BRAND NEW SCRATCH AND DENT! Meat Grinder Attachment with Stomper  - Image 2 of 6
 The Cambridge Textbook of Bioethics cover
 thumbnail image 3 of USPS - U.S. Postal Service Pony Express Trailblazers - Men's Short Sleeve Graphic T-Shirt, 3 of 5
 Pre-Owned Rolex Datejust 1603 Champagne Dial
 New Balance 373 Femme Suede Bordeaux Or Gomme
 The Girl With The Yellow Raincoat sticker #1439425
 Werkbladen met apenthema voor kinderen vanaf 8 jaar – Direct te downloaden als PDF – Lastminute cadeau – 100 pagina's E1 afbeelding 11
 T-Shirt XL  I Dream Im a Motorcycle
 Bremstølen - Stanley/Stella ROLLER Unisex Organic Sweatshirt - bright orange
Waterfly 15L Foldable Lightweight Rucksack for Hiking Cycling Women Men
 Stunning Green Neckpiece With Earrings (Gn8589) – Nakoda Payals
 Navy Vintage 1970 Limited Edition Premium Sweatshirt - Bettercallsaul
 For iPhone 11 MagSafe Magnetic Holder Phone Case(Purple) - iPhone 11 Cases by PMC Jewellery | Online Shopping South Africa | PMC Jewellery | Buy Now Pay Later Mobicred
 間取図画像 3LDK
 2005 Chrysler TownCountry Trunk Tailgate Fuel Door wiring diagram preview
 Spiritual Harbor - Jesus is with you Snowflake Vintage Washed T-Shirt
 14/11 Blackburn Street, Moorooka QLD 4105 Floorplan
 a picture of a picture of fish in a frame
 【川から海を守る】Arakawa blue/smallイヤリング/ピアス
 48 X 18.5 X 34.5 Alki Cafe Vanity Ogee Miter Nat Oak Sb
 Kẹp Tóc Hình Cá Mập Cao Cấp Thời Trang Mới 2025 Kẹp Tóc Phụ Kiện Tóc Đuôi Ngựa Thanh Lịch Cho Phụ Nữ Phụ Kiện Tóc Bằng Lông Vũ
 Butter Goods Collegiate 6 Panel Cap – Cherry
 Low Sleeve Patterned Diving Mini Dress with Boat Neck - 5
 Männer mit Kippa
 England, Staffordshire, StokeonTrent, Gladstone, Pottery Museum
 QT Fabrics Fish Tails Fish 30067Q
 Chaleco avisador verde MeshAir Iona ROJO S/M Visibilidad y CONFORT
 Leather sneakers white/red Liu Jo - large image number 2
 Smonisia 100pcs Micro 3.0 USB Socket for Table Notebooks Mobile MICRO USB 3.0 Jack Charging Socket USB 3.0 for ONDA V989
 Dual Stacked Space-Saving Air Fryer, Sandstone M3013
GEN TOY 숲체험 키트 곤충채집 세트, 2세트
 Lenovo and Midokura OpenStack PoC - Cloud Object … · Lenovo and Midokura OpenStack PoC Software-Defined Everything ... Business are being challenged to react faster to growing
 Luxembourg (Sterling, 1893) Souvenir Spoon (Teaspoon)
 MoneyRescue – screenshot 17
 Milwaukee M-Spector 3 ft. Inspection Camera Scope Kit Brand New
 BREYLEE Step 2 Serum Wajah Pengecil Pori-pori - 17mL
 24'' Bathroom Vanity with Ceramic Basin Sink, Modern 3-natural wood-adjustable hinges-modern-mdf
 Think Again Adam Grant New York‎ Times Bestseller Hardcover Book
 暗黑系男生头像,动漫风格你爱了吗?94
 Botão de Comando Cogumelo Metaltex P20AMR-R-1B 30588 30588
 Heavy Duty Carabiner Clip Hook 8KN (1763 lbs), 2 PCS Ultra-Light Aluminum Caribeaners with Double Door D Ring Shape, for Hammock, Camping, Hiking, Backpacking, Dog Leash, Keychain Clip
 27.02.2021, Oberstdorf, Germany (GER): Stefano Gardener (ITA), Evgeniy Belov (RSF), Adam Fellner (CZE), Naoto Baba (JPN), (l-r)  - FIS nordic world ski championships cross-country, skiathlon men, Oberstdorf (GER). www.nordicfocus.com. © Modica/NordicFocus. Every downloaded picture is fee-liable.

*Problem statement*. Nothing but the lines from the top of the records down to the line with "Bremstølen - Stanley/Stella" belongs in the answer; repeat them exactly.

*Solution*.
BRAND NEW SCRATCH AND DENT! Meat Grinder Attachment with Stomper  - Image 2 of 6
 The Cambridge Textbook of Bioethics cover
 thumbnail image 3 of USPS - U.S. Postal Service Pony Express Trailblazers - Men's Short Sleeve Graphic T-Shirt, 3 of 5
 Pre-Owned Rolex Datejust 1603 Champagne Dial
 New Balance 373 Femme Suede Bordeaux Or Gomme
 The Girl With The Yellow Raincoat sticker #1439425
 Werkbladen met apenthema voor kinderen vanaf 8 jaar – Direct te downloaden als PDF – Lastminute cadeau – 100 pagina's E1 afbeelding 11
 T-Shirt XL  I Dream Im a Motorcycle
 Bremstølen - Stanley/Stella ROLLER Unisex Organic Sweatshirt - bright orange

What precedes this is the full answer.